Le marché ne croit pas à la disparition du leader mondial des stablecoins, qui pèse 120 milliards de dollars de capitalisation. Sur les cryptos, aucun acteur n’est pourtant à l’abri de la chute car le « too big to fail » (trop gros pour faire faillite) n’existe pas. Le « cointribuable » ne sera pas mis à contribution en cas de faillite et aucun prêteur en dernier ressort, comme une banque centrale des cryptos, ne viendrait secourir un acteur en difficulté. Un « bank run » sur tether (afflux massif et rapide des demandes de conversions des stablecoins en dollars) aurait un impact au-delà du marché des cryptos.

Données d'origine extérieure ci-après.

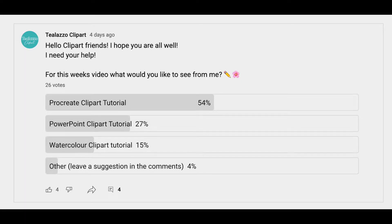So thank you to those 26 people. Please don't be shy if I have another poll — I really enjoyed hearing from you guys and seeing what you wanted to learn. It really helps me know who my audience is and who I'm trying to serve. The option that won was a Procreate clip art tutorial.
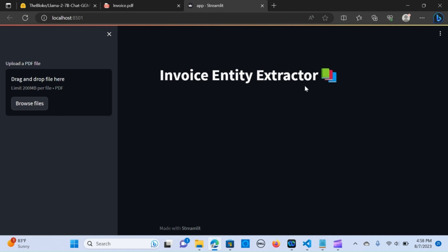In this video we are going to build an invoice entity extractor, so you're able to upload an invoice document and extract important information from your invoice. It's going to be in a table format so you can basically upload or export the details into an Excel sheet for further analysis.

Pour rendre leurs dollars aux investisseurs, aux fonds et aux firmes de trading (Cumberland et Jump Crypto, les filiales dédiées des traders haute fréquence, respectivement de DRW et Jump Trading), le groupe devrait vendre rapidement son portefeuille de dette d’Etat américaine.
« La planche à cryptos »
Tether a fait fonctionner « la planche à billets » comme le font les banques centrales. Le groupe a parfois émis ses stablecoins (USDT) sans contrepartie (sans dollars apportés). Elle a prêté ensuite ses USDT à quelques grands acteurs dans le besoin, comme par le passé Alameda Research – la firme de Sam Bankman-Fried était son principal client – ou Celsius Network (prêts et emprunts de cryptos), qui ont tous deux fait faillite. Ces stablecoins leur ont offert des liquidités supplémentaires pour spéculer davantage, à leurs risques et périls. Pour certains, Tether serait au coeur d’une vaste collusion pour manipuler les cours au bénéfice de ses principaux clients en leur offrant des lignes de crédit « fantômes » pour faire remonter les cours. Tether rétorque en estimant que cette théorie complotiste n’a pas été étayée et qu’elle est une des firmes les plus diffamées du secteur. Elle dit avoir mis fin à ses quelques prêts occultes, sans grands risques selon elle.
Ventes paniques
Ether détient autour de 100 milliards de dollars de ces titres, en majorité à court terme (moins de 90 jours), en garantie de ses stablecoins. Ces ventes panique pourraient provoquer un krach obligataire et une remontée des taux, alors même que la Réserve fédérale (Fed) a amorcé un cycle d’assouplissement.
Tether détient aussi 82.454 bitcoins et 48,3 tonnes d’or dans ses réserves en complément de ses obligations du Trésor. Un moyen de diversifier et d’augmenter les profits du groupe. Parfois, comme au dernier trimestre de 2023, les gains sur l’or et le bitcoin ont été bien supérieurs aux intérêts de ses placements obligataires, 1,85 milliard de dollars contre 1 milliard de dollars.
En cas de crise, Tether pourrait vendre une grande partie de ses bitcoins et de son or, tous deux en nette progression en 2024, pour retrouver des liquidités. La cession de son portefeuille de 5,6 milliards de dollars en bitcoins ne pourrait que faire plonger les cours, du fait de la faible liquidité du marché des cryptos lors des tempêtes, comme lors de la faillite de FTX.